● **Task**
Return every line of the data below, exactly.

● **Supplied data**

******************************

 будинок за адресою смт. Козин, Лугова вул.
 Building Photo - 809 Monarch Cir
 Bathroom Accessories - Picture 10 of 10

******************************

● **Response to the exercise**
 будинок за адресою смт. Козин, Лугова вул.
 Building Photo - 809 Monarch Cir
 Bathroom Accessories - Picture 10 of 10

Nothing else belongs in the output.